Work required →
Lines from the one containing "Maxus eDeliver 3" through the end of the entries below: set them down exactly, both ends included, with nothing added.
============================================================
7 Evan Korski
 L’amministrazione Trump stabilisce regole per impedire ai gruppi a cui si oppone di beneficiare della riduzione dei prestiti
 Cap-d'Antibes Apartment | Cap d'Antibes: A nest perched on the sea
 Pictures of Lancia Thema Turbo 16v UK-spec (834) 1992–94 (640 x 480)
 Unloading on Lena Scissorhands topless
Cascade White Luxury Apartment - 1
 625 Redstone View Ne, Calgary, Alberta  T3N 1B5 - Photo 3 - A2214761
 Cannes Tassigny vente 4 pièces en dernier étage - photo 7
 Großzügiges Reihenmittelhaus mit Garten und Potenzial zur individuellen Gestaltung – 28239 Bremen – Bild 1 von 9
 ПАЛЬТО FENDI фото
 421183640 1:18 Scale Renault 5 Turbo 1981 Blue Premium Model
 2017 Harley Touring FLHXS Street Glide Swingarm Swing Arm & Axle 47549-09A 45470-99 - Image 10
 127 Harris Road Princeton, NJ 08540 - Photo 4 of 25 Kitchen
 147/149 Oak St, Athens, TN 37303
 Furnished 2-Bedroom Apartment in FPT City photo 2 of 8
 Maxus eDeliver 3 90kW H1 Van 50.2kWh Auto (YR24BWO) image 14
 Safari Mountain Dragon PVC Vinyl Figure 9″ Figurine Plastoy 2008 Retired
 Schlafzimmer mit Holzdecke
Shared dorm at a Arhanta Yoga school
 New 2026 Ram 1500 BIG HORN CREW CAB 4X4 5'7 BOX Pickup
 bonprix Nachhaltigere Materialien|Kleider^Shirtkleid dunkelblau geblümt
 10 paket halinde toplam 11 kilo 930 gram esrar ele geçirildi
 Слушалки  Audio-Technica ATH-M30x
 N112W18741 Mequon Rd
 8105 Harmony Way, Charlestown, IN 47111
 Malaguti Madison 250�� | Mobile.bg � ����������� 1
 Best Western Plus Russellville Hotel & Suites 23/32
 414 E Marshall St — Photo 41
============================================================
Written solution →
 Maxus eDeliver 3 90kW H1 Van 50.2kWh Auto (YR24BWO) image 14
 Safari Mountain Dragon PVC Vinyl Figure 9″ Figurine Plastoy 2008 Retired
 Schlafzimmer mit Holzdecke
Shared dorm at a Arhanta Yoga school
 New 2026 Ram 1500 BIG HORN CREW CAB 4X4 5'7 BOX Pickup
 bonprix Nachhaltigere Materialien|Kleider^Shirtkleid dunkelblau geblümt
 10 paket halinde toplam 11 kilo 930 gram esrar ele geçirildi
 Слушалки  Audio-Technica ATH-M30x
 N112W18741 Mequon Rd
 8105 Harmony Way, Charlestown, IN 47111
 Malaguti Madison 250�� | Mobile.bg � ����������� 1
 Best Western Plus Russellville Hotel & Suites 23/32
 414 E Marshall St — Photo 41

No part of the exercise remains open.